On September 20, 2016, the SFMTA Board approved the L Taraval Rapid Project. Construction will occur from 2018 to 2020. Boarding islands are planned to be built at 32nd Avenue; contrary to the original plan, the stops will remain on the near side of the cross street. Early implementation of some project elements, including painted clear zones where the outbound boarding island will be located, was done in early 2017.
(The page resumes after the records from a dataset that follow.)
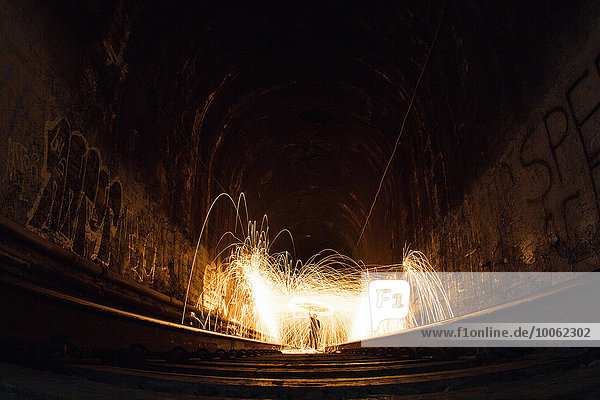 Eisenbahntunnel mit Lichtspuren  niedrigem Blickwinkel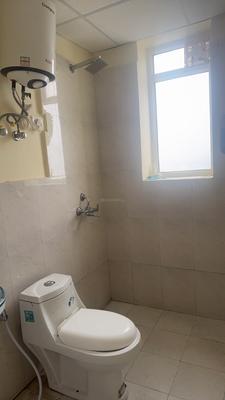 Image of 1080 Sq.ft 3 BHK Apartment / Flat for rent in Pyramid Altia, Sector 70, Gurgaon for Rs. 24500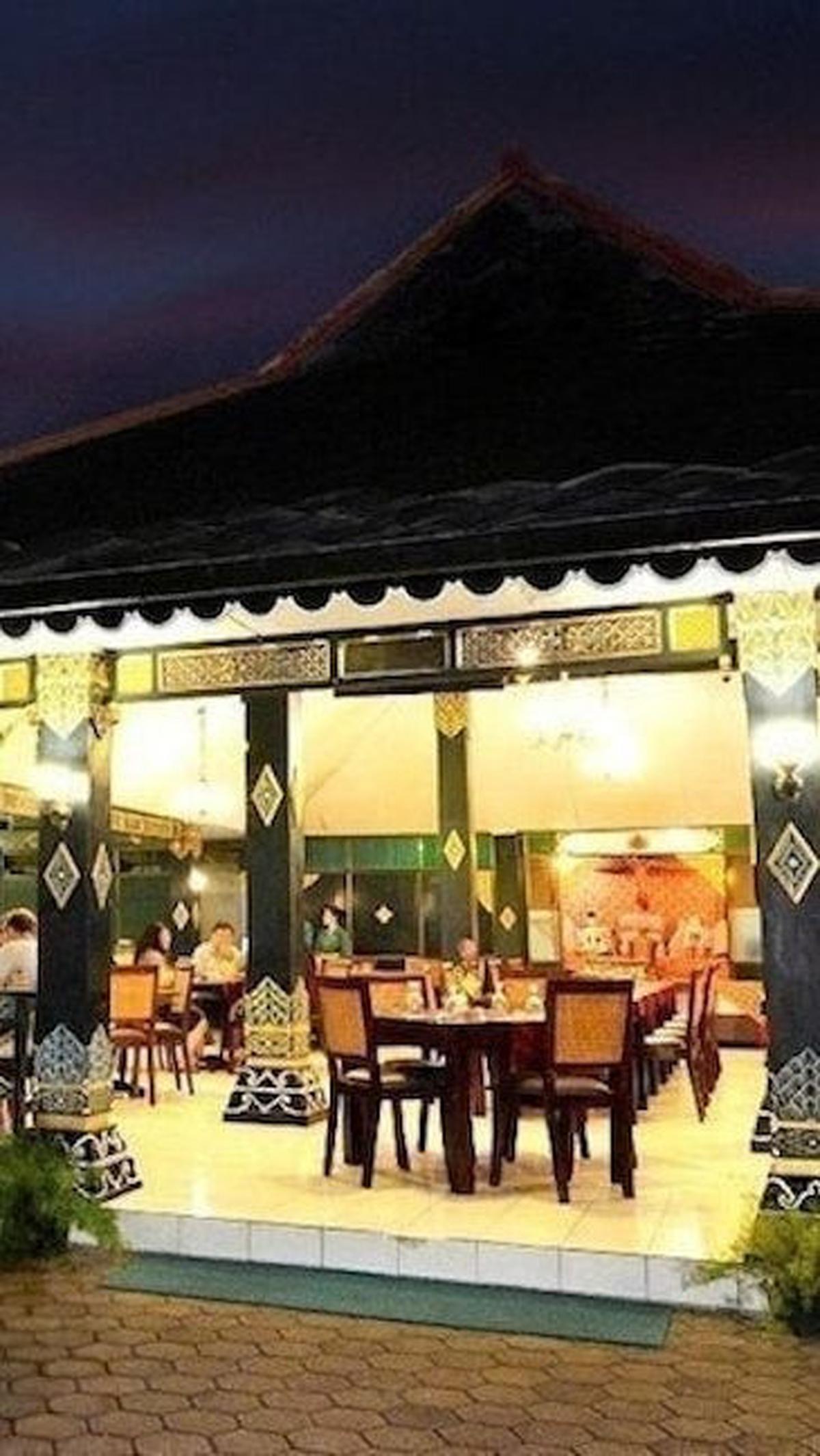<b>Bale Raos Kraton Restaurant</b>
In response to merchants complaining about the loss of parking spaces to allow for boarding islands, the Board agreed to an experimental pilot program on the inbound side at five stops: 26th, 30th, 32nd, 35th, and 40th Avenues. Painted stripes and signage were added to indicate that vehicles should stop behind trains to allow passengers to board and alight safely. If 90% of vehicles were observed to stop behind trains, Muni would not construct inbound boarding islands at the five locations. The six-month testing period ran from April 3, 2017 to October 2017. In November 2017, the SFMTA released the results of the study: only 74% of drivers stopped safely behind trains, and boarding islands will be built (except at 35th Avenue, which was closed for operational reasons in 2018). Painted clear zones will be added at the remaining four inbound stops in 2018.

When Muni Metro service resumed on August 22, 2020, after a five-month closure during the COVID-19 pandemic, L Taraval service remained suspended west of Sunset Boulevard for construction. Trains reversed direction using the crossover west of 35th Avenue, and a temporary platform was constructed at 32nd Avenue to serve as an accessible inbound transfer point between buses and trains. Rail service was re-replaced with buses on August 25 due to issues with malfunctioning overhead wire splices and the need to quarantine control center staff after a COVID-19 case.